Before touching Claude, document your answers to all of the following:
- Problem analysis: What exactly is being automated? What must remain human?
- Tool list: What 4–6 tools does this system need? Write full descriptions for each.
- Agent loop: Describe the step-by-step process from receiving an email to completing the workflow.
- Categorisation criteria: Define the exact categories and specific criteria for each.
- Escalation rules: Define 4 specific conditions that should escalate to the human coordinator.
- Programmatic gate: Identify one rule that must be enforced programmatically.
- Output format: Design the structured output template for each processed request.
- Handoff message: What information must be included when escalating to a human?

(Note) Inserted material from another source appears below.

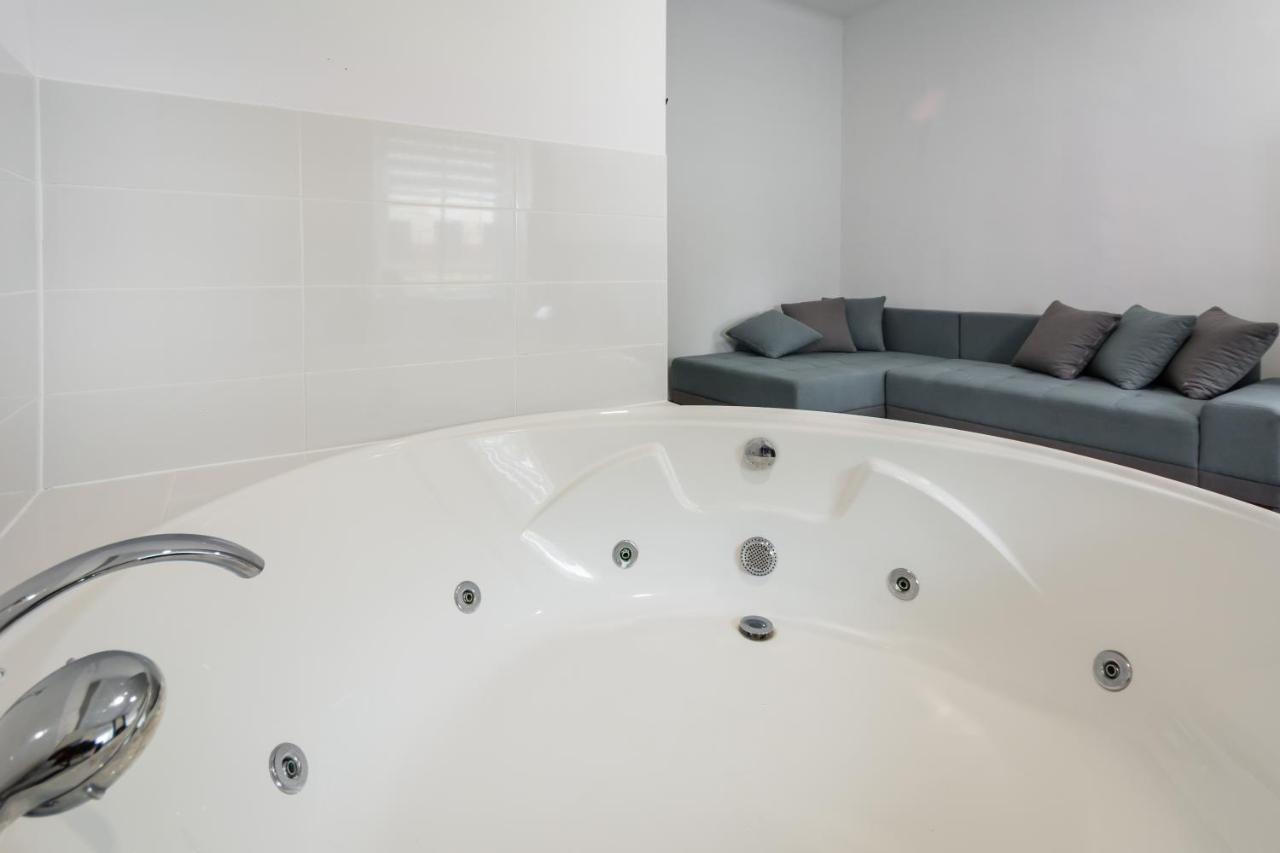 Jacuzzi Jm Wawelofts Apartment Krakau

Write the complete system prompt for your main agent. It must include:
- The agent's role and scope — what it does and what it does not do
- The categorisation criteria with at least 3 few-shot examples covering ambiguous cases
- The output template the agent must use for every processed request
- Explicit escalation rules using the criteria you defined in Part 1
- Instructions for writing the tenant acknowledgement email
Test your system against these 6 maintenance requests. For each: category assigned, action taken, whether escalation was triggered, and the tenant acknowledgement email.
- "Hi, the hot water in unit 4B has been cold for three days. This is really not OK, I have a baby."
- "There's a small drip under the kitchen sink. It's not urgent but should probably be looked at. Unit 7A."
- "URGENT: water is coming through my ceiling from the unit above. It's getting worse. Unit 2C."
- "My front door lock is stiff and takes a few tries to open. Unit 9D."
- "This is the fourth time I'm reporting the broken heating. Nobody has come. I'm calling the council tomorrow. Unit 11B."
- "Hi, I wanted to check if I could install a dishwasher in my unit. Who do I need to talk to? Unit 6F."
- Which of the 6 requests was hardest for your system to handle? Why?
- Did your system correctly identify which requests needed human review?
- What would you change in your system prompt after seeing the test results?
- What is the one thing your client most needs to understand before deploying it?